So I’ve had a long and kinda irritating day, and all I really want to do is drink Scotch and grumble, but I don’t because I’ve got a work ethic and I owe you folks a blog post.

And I don’t want to drink because I have a platelet donation tomorrow.

…okay, fine, I don’t because I’m out of Scotch.

So as a quick, (hopefully) useful post tonight, I want to talk about a tool I like to use when writing, and especially when editing, to examine which words I’m using the most in the work. It’s especially handy when writing a large piece, such as this goddamn friggin’ novel that refuses to end.

You’ve probably heard of it – it’s the website Wordle, which generates word clouds from copypasted text. If you’ve not visited it yourself, you’ll surely have seen its outputs; there was a real fad in the late 2000s for using it to generate English textbook covers or irritating Facebook image posts.

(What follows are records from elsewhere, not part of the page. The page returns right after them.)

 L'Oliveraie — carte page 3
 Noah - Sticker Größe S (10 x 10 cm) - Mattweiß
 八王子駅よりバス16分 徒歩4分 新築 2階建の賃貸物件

But anyway, Wordle generates word art where the sizes of the words show their relative frequency in the text, something that can make things sink in much more viscerally than a plain word count. And in the process, it lets you see which notes you’re hitting the most often.

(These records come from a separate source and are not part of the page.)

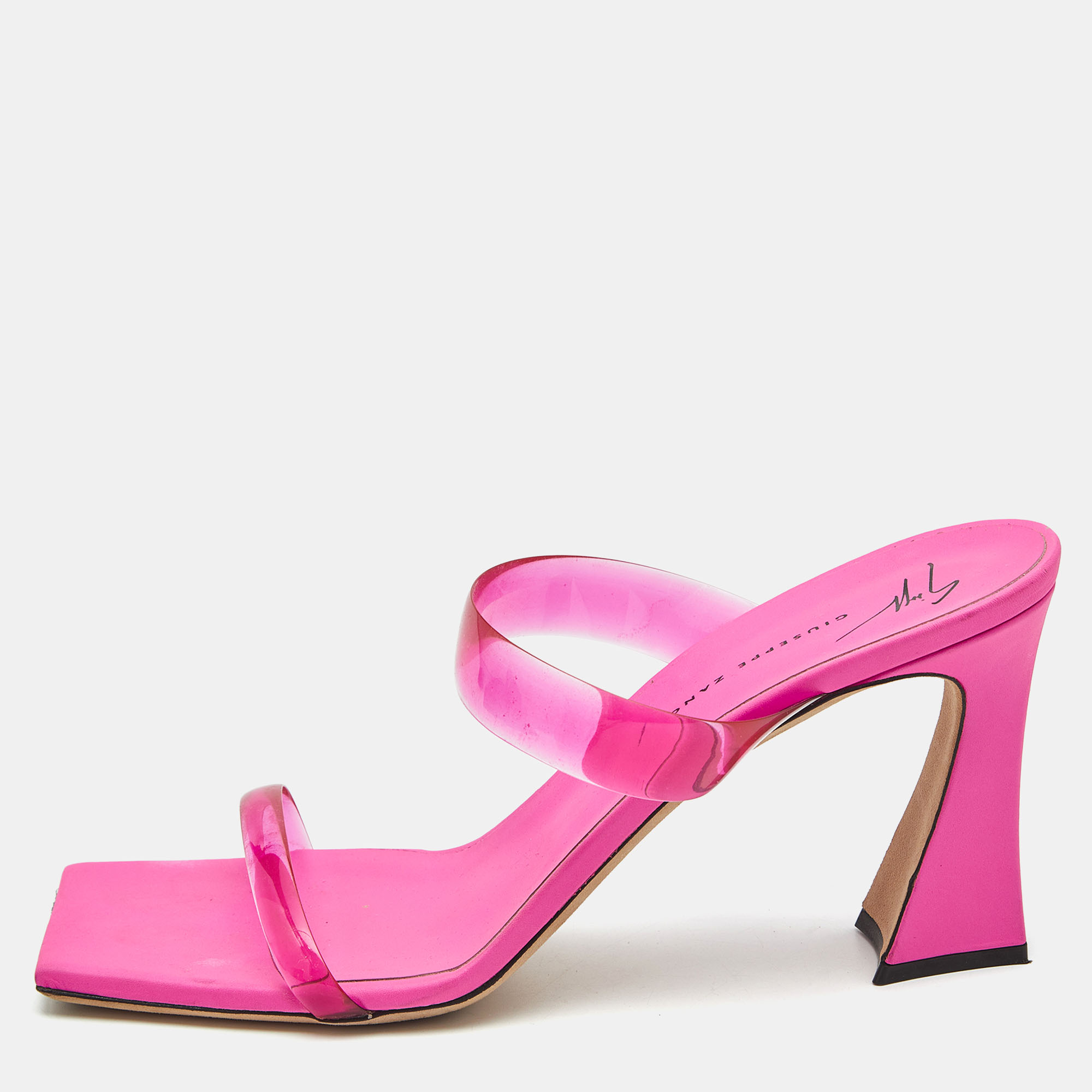 

Giuseppe Zanotti Pink PVC Slide Sandals Size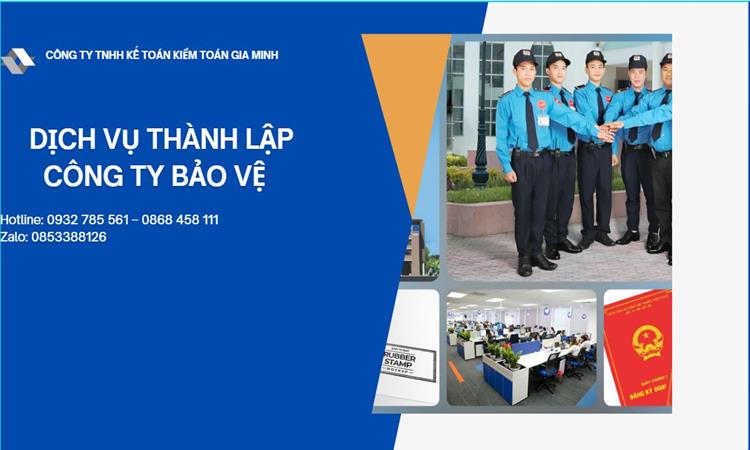 Thủ tục mở công ty dịch vụ bảo vệ tại Quận 11 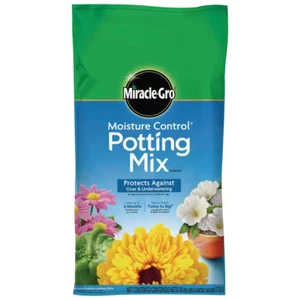Moisture Control Potting Mix 16 Qt. for Container Plants, Protects against Over- - Picture 1 of 11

Here’s the entirety of Raven’s Blood (so far) in all its glory:

Wordle1

Okay, so what can I learn from this?

  • I use Kember’s name a lot. Which makes sense; she’s the viewpoint protagonist and in every scene. (I also use ‘she’ and ‘her’ a fair bit, but they’re filtered out of this.) But even so, is she in too prominent a role? Is there a balance between her and the other major characters? I don’t live to change POV, even in a third-person novel, but if I was trying to go for more of an ensemble story this would help me juggle the cast.
  • Two other major characters, the Ghost Raven (the masked hero) and Silas (the love interest) have roughly equal prominence, which does surprise me; I thought the Raven would loom much larger. Still, that will shift as the novel nears its end.
  • Of the other notable characters, only Jesseck, Roland Arrowsmith and Deathgrip make an appearance here; others like Idana, Blackvine and the Coglord haven’t played much of a role so far. Again, a bit surprised by that; I need to push some of those characters into a stronger position soon.
  • There are lots of movement and positioning terms in the mix – left, back, behind etc. I’ve tried to make fight scenes engaging and kinetic, and to create clear visuals of what’s happening, and these are useful tools for that. At the same time, prepositions and placement adjectives aren’t as engaging as active verbs, and those are barely a blip here. Does that mean I’m varying them effectively, or that I’m not using enough? I’ll look for that in my next major editing pass – and try to work out why I use ‘back’ so often.
  • ‘Like’ pops up a lot, which either means my characters are Valley girls or (more correctly) that I’m using a lot of similes. Too many similes? Should I try to pull things back to more literal descriptions, or push it further to replace some similes with metaphors? What’s more appropriate for a YA novel? I think I have it right, but this helps me be aware of it.
  • I use ‘man’ a lot more than ‘woman’; I use ‘girl’ a lot more than ‘boy’. I have no idea if that means anything.
  • And so on.

None of this is OH MY GOD LOOK WHAT I HAVE WROUGHT insight, but it’s useful stuff for the editing cycle. And as we know, most times editing takes a shitload longer than writing the book in the first place. (Christ, I hope that’s not true.)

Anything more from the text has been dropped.